From the Times Online here:
Google may take its battle for global domination to the high seas with the launch of its own “computer navy”. The company is considering deploying the supercomputers necessary to operate its internet search engines on barges anchored up to seven miles (11km) offshore.
The “water-based data centres” would use wave energy to power and cool their computers, reducing Google’s costs. Their offshore status would also mean the company would no longer have to pay property taxes on its data centres, which are sited across the world, including in Britain.
In an attempt to address the problem, Microsoft has investigated building a data centre in the cold climes of Siberia, while in Japan the technology firm Sun Microsystems plans to send its computers down an abandoned coal mine, using water from the ground as a coolant. Sun said it could save $9 million (£5 million) of electricity costs a year and use half the power the data centre would have required if it was at ground level.
Concerns have been raised about whether the barges could withstand an event such as a hurricane. Mr Miller said: “The huge question raised by this proposal is how to keep the barges safe.”

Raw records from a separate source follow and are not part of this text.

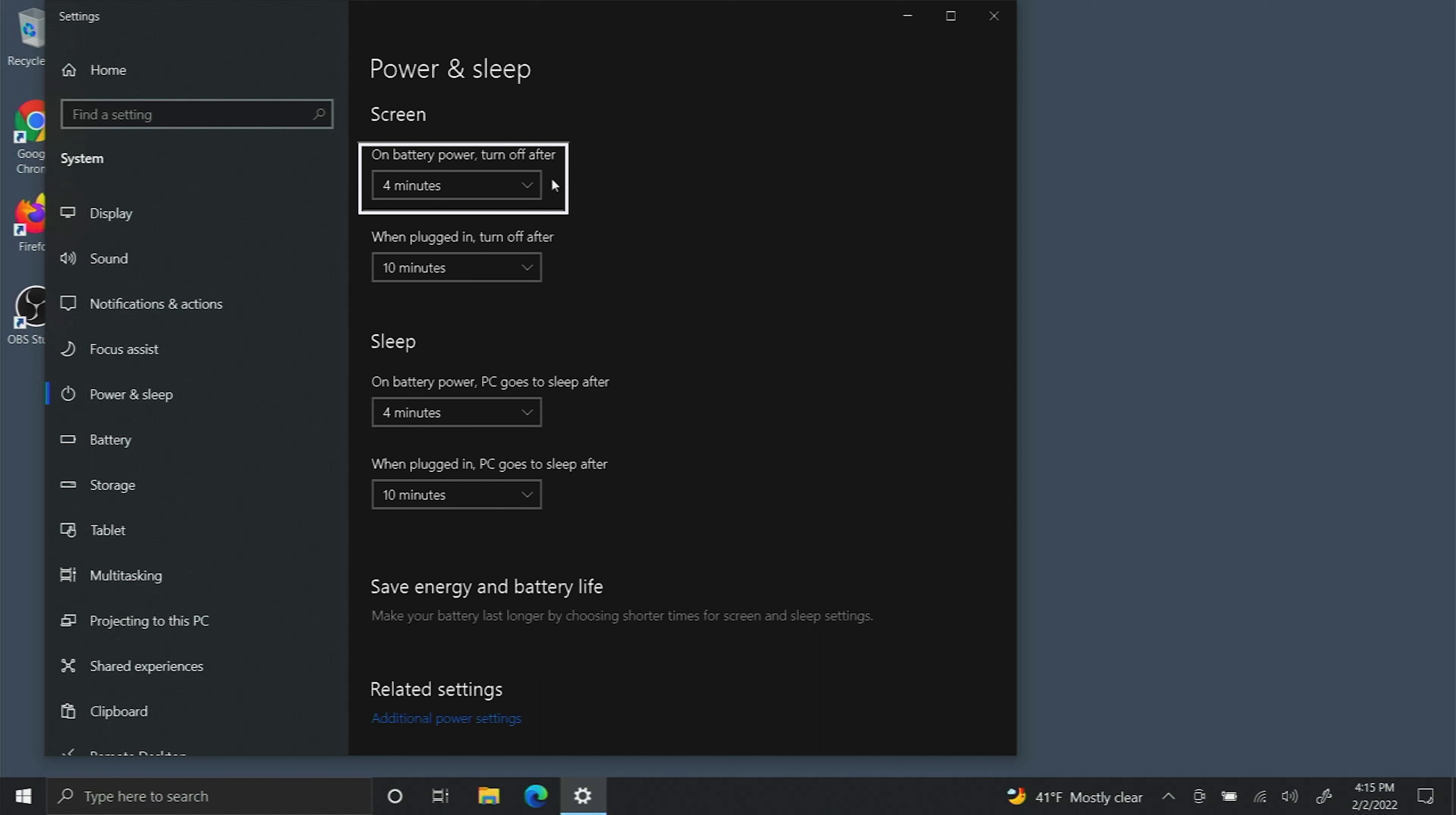So that just means if you're not plugged in it'll actually turn off the screen after X amount of minutes. It's good to keep this a little bit low if you want to save battery power.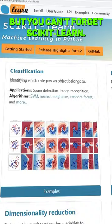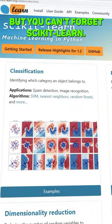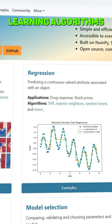Then NumPy — this is brilliant for working with large and complex arrays. But you can't forget Scikit-Learn. This includes some of the most important machine learning algorithms that you're likely to encounter throughout your data science career.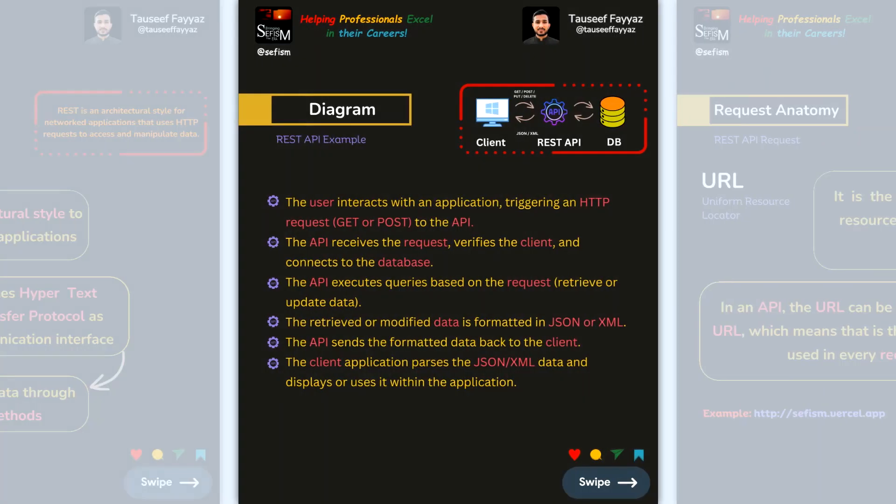In this API diagram, the user interacts with an application by triggering an HTTP request — either GET or POST — to the API. The API receives the request, verifies the client, and connects with the database. Using GET or POST, the API retrieves the request, verifies the client, connects with the database, executes the query, and retrieves or updates data.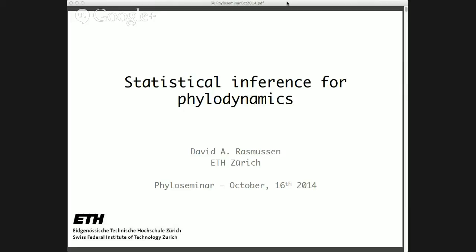Thank you, Trevor and Eric, for having me. It's a real honor to be here, given all the people who have gone before me in this seminar series. Today I'm going to talk about statistical methods for phylodynamics, which is my area of expertise in phylogenetics.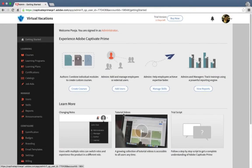With the new update, you can now establish a deep integration between your Adobe Captivate Prime and the Adobe Connect hosted accounts. This will help you create and schedule virtual classroom sessions, launch your session with a single click, automatically track attendance, completion, and time spent, and view post-session recordings, all from within Adobe Captivate Prime.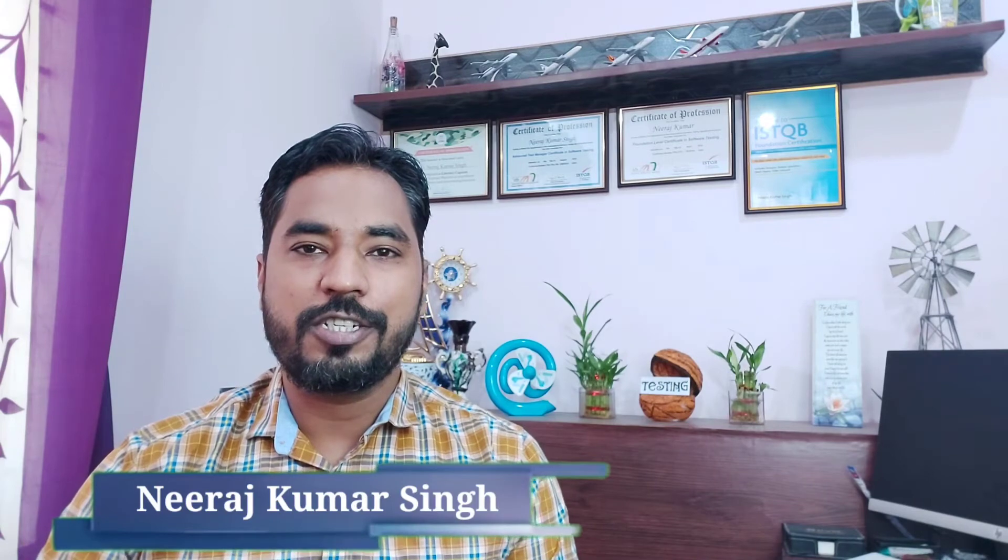Hello friends and greetings for the day. Welcome back to another episode of Testing in Nutshell. This is Neeraj Kumar Singh and we are talking about LoadRunner tutorials.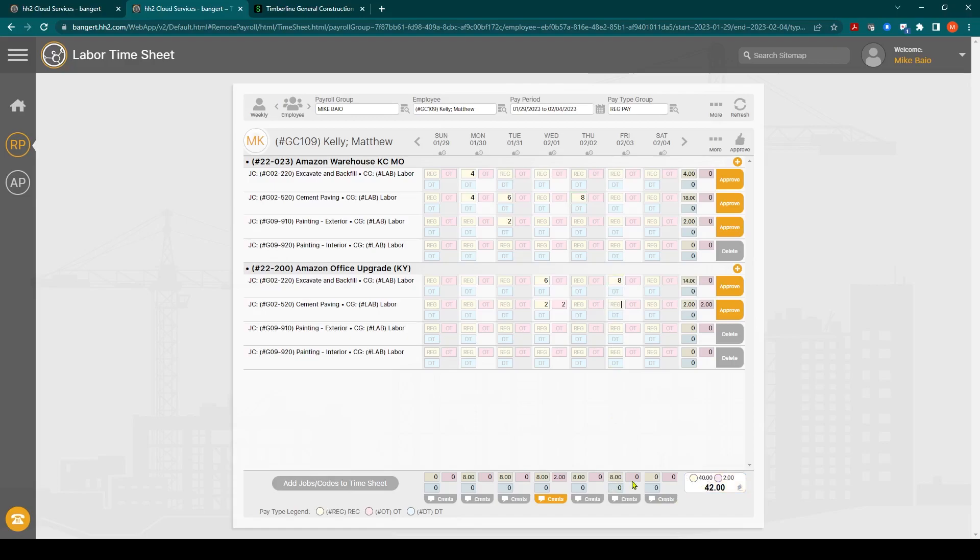It'll give you a total hours here. Based on the approval settings that are set up in the system, you can approve the lines individually or somebody else can approve them. I'm just going to click approve.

I don’t think the wizards at Google have fully cooked this idea. First, ocean power is as yet unproven for power production on a large scale, and I fail to see how it could generate the megawattage required to power a datacenter. Second, salt water destroys everything. The datacenters at sea would have to be considered disposable. Salt water corrodes everything it touches, and ships that are moored collect enough barnacles and algae to keep a squad of maintenance crew in wetsuits employed fulltime to scape the keels.
And seeing that a hurricane can shut down gasoline production in the gulf by impacting gigantic offshore oil platforms, what chance do moored ships have against storms? Google would return 404 errors everytime it rained really hard.
I recognize the need to reduce costs associated with datacenters though, particularly when it comes to cooling. Building a datacenter in an old mineshaft? Smart. Building in Siberia? Smart. Putting out to sea? What a dumb idea. And don’t get me started on the company trying to avoid their taxes.